いつの間にか梯子がなくなっている。この船は所有物(ポゼッション)だ、リガルタの思うままに操れるのだろう。



この状況じゃ分が悪い。なんとかして船上に乗り込まないと。でも、私の身長の数倍の高さに位置している甲板に、どうやって?

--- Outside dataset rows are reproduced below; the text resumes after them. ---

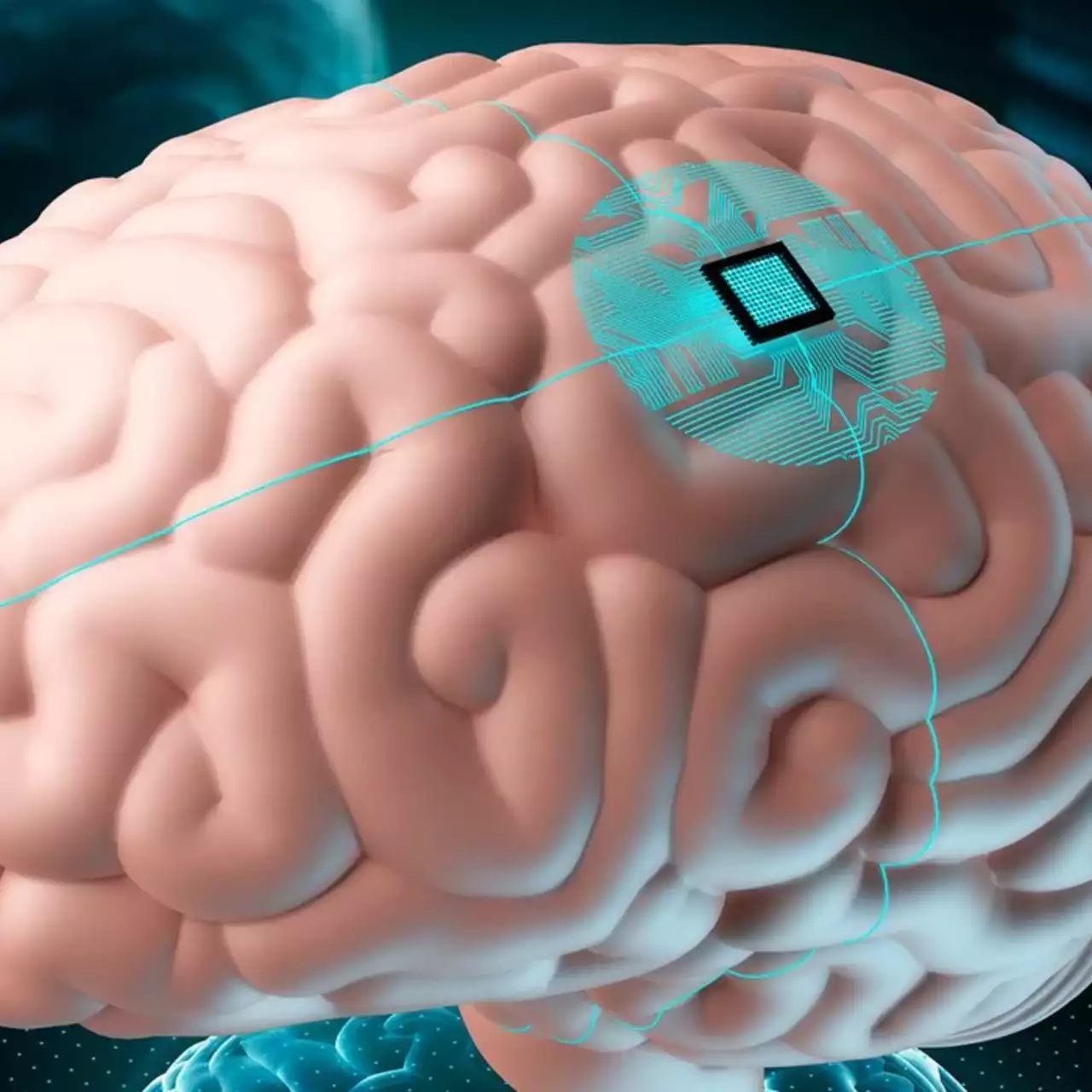 Neuralink ищет еще кандидатов на вживление чипов в мозг Neuralink ищет еще кандидатов на вживление чипов в мозг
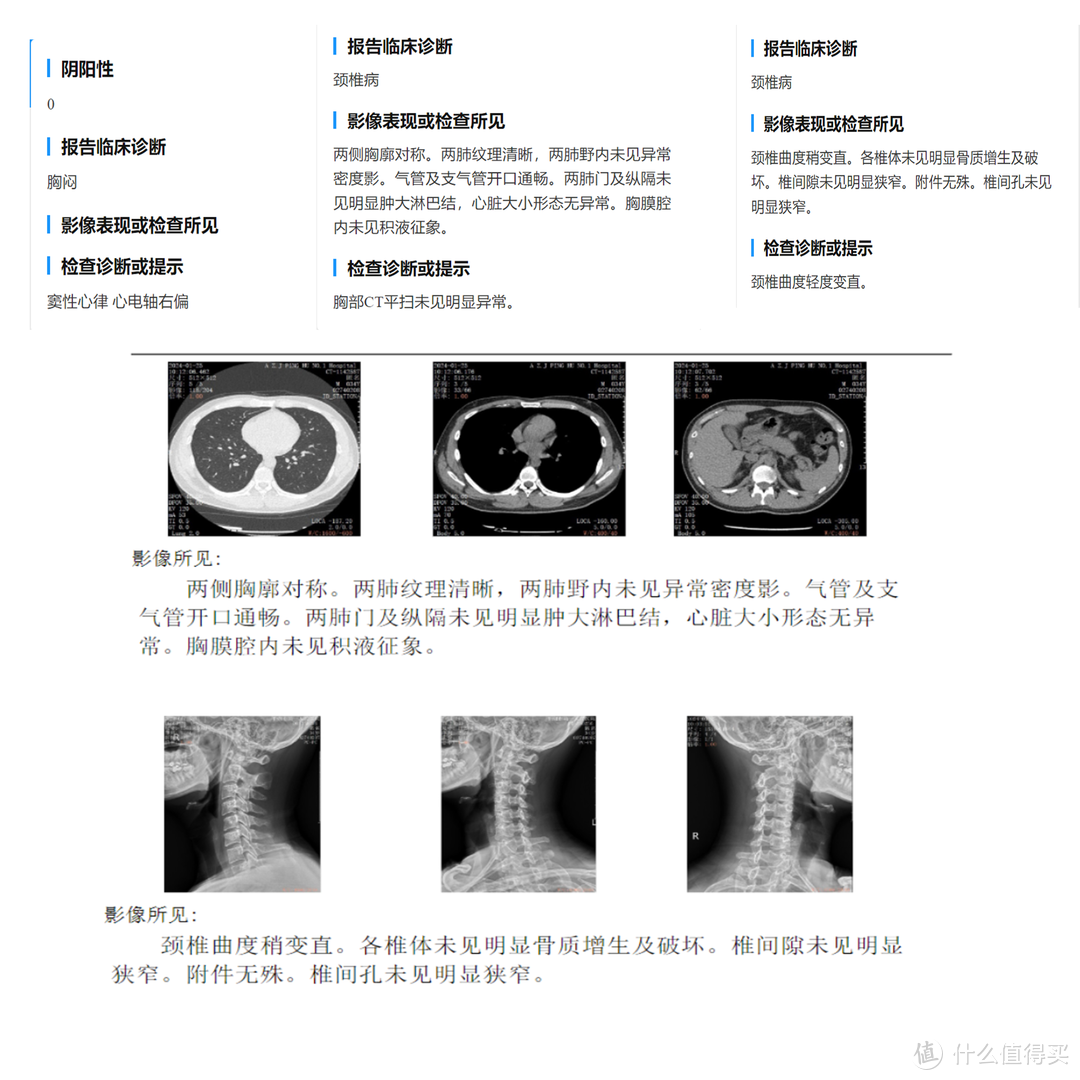 摩伽S3 Plus  极客版 滑越追背全时支撑——颈椎问题病友的众测体验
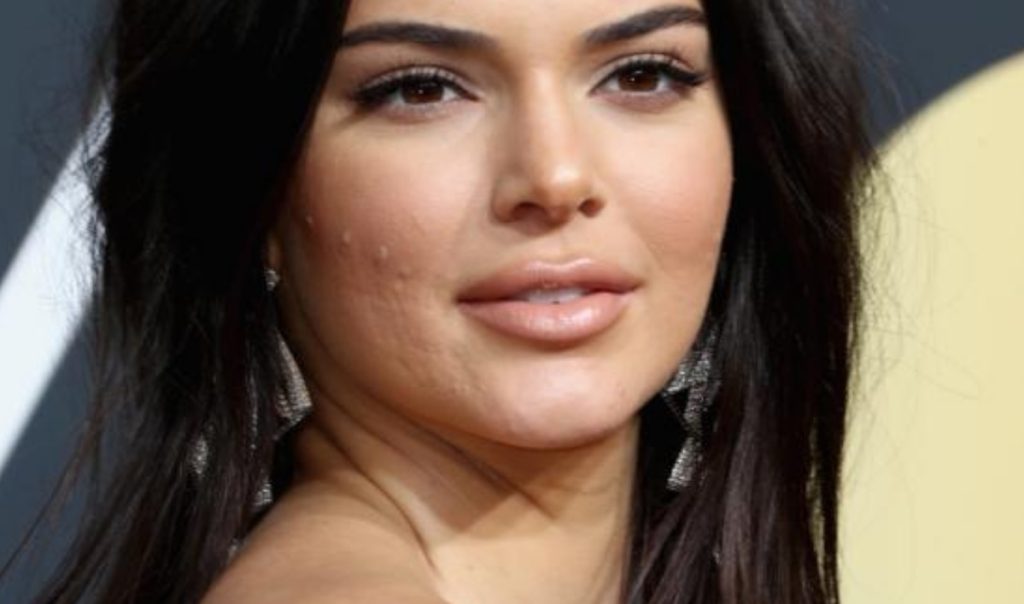 Kendall Jenner con marcas en el rostro de acné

バノンが、私のバノンがわけのわからない連中に囚われているのに!!



「待ちなさい!」

エズの怒声が聞こえる。

飛竜がまた光線を吐き出すと、ナグルファルは避けきれず大きく揺れている。


「バノン!バノン!」

「またな!」



被弾したナグルファルは、次弾を浴びせられる前に、現れた時と同じように突如姿を消した。

私の伸ばす手がまた空を切る。

消える瞬間、バノンが微笑みを絶やさずに私に向かってこう言ったように聞こえた。



「待ってるから、ミウ」

バノン!バノン!どこいくの!




いなくなっちゃった。

私の結婚相手が。

私と一緒に死んでくれるはずの存在が。

暗い海を見渡してもどこにもバノンの存在が感じられない。


その場にへたり込む私の背後からエズの声がする。

「あの野蛮な神を私は許せません」

「あなたが巻き込んだんじゃない……!」

「彼等は必ずまた来ます」



焼けるように身体が熱い。手先が震えているのが自分でもわかる。それでもきっと私の表情は変わっていないはずだ。

変わっていないはずの目で、エズを睨む。

エズと目が合うが、彼は私の顔など見てもいないかのように淡々と言葉を続ける。

マニは役目を終えたようで、再び静まり返っている。